◆ Input ◆

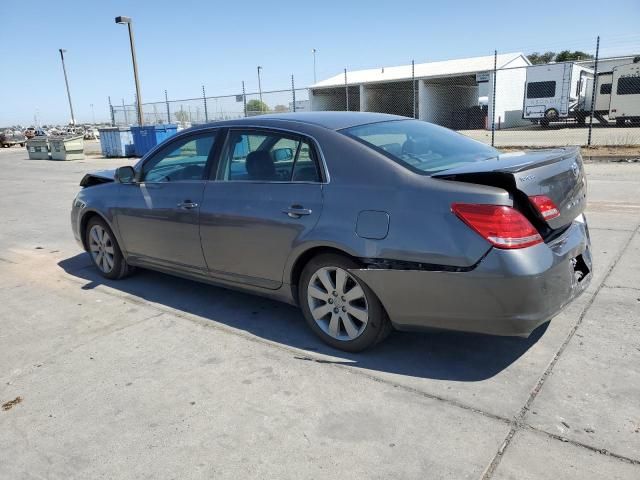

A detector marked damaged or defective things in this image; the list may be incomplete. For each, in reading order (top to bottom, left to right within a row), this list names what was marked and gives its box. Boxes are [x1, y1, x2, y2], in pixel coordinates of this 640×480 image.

damaged rear bumper [352, 218, 592, 338]
crack in pavement [480, 223, 640, 478]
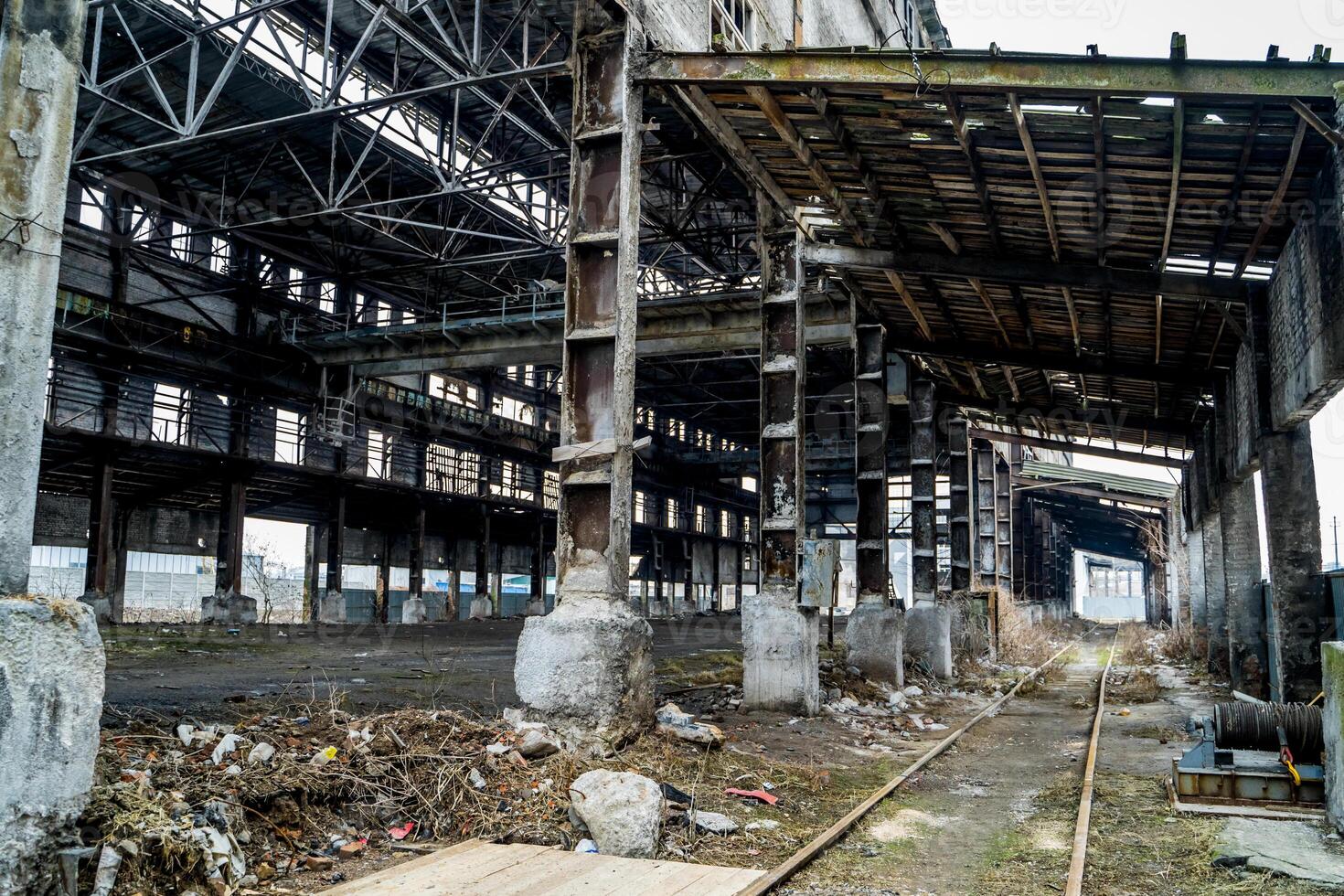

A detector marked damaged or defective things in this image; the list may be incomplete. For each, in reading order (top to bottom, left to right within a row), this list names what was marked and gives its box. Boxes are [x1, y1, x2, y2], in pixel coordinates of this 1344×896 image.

corroded metal beam [644, 51, 1344, 99]
rusted steel column [0, 1, 90, 596]
rusted steel column [81, 459, 117, 618]
rusted steel column [512, 0, 655, 742]
rusted steel column [746, 197, 819, 713]
rusted steel column [911, 379, 944, 611]
rusted steel column [980, 439, 1002, 589]
rusted steel column [995, 459, 1017, 600]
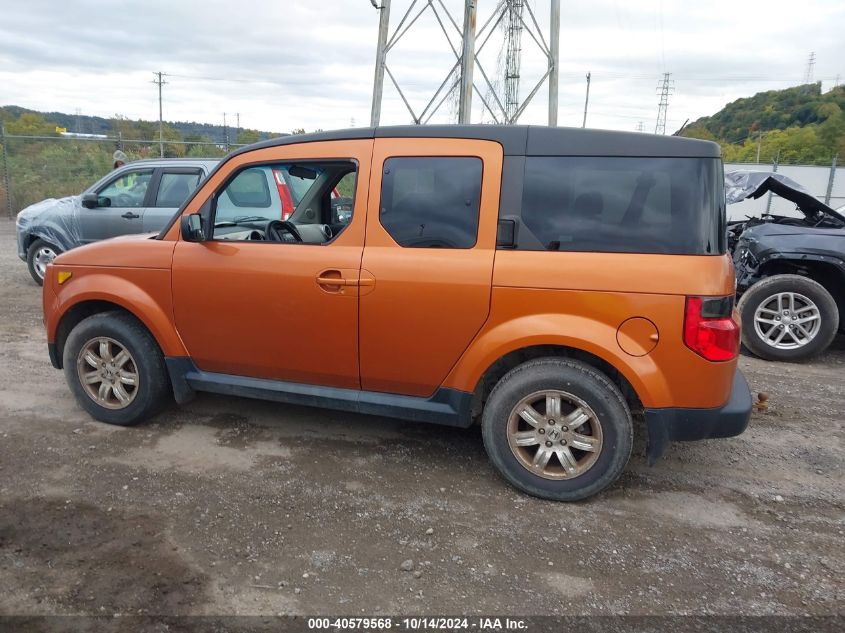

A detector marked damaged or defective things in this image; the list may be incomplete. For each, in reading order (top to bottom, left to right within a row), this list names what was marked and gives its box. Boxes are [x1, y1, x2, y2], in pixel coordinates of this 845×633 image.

◆ What the exercise asks ◆
Omit every picture, then reproduce the rest of the listing exactly.

◆ Answer area ◆
A detector marked damaged or defective things in this image; the list may be incomplete. For each, in reading order (top to bottom, left to right within a row), this list names what was marked and gives its box. Boxes are [x1, y1, x2, y2], in pixel coordinates of this 640×480 image.

damaged rear bumper [352, 218, 592, 338]
crack in pavement [480, 223, 640, 478]

A detector marked damaged or defective things in this image; the list may be incomplete. For each, in reading order (top to bottom, left to right within a row), this list names what was marked and gives its box. Boxes are [x1, y1, x2, y2], in pixel coordinates of this 1344×896 image.

corroded metal beam [644, 51, 1344, 99]
rusted steel column [0, 1, 90, 596]
rusted steel column [81, 459, 117, 618]
rusted steel column [512, 0, 655, 742]
rusted steel column [746, 197, 819, 713]
rusted steel column [911, 379, 944, 611]
rusted steel column [980, 439, 1002, 589]
rusted steel column [995, 459, 1017, 600]

A detector marked damaged or defective things in this image; the list may be incomplete. For each, in reading order (top to bottom, left to right within a row), this list names what was marked and gives its box. Boxes are [x1, y1, x2, y2], in pixel coordinates of this 845×633 image.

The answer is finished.